One exercise is in paper reviewing, the other focuses on a set of ethical case studies.
Bibliography
C. Ghezzi, “Being a Researcher –An Informatics Perspective”, Springer, 2020 (https://link.springer.com/book/10.1007/978-3-030-45157-8)
Seminar: The (legal) management of scientific research data: a mission impossibile? by Paolo Guarda, University of Trento
Scientific research is based on data, which represent the starting point for the postulate of theorems, for the proof of a thesis, for the proposal of reliable solutions. Over time, the world of law has prepared regulatory systems that have, in a fragmented and sectorial way, provided regulation to the various contexts concerned, rarely seeking, if not exceptionally and sometimes unconsciously, an overall vision. This seminar aims to briefly explore the specificities of the legal regime of scientific research data, offering an analysis based on a systematic method which not only intends to provide a guide to the various legal issues, but which makes interdisciplinarity the real added value and the necessary key to understanding the phenomena in progress.

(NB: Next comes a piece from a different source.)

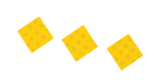 Three black diamond shapes with a textured pattern are arranged diagonally on a white background. Description generated by AI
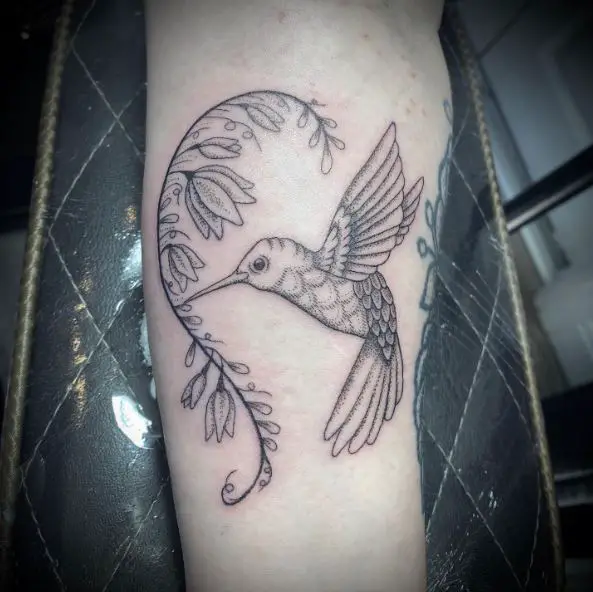 Grey Floral Hummingbird Tattoo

Seminar: Publishing in Computer Science: how it works and what you need to know by Aliaksandr Birukou, Springer Nature, Germany
In this lecture, we first cover the basic elements of the publication landscape (proceedings, journals, and books) and the role of publishers. We will look not only into commercial or society publishers, but also emerging self-publishing venues. Then we discuss the publication ethics, i.e., plagiarism, duplicate submissions or publications, retractions. We continue by discussing predatory publishers and how to not become their victim. The second part of the lecture will deal with various models of peer review and new tools and practices, including but not limited to open access, open data, CrossMark, ORCID, Publons, conference rankings.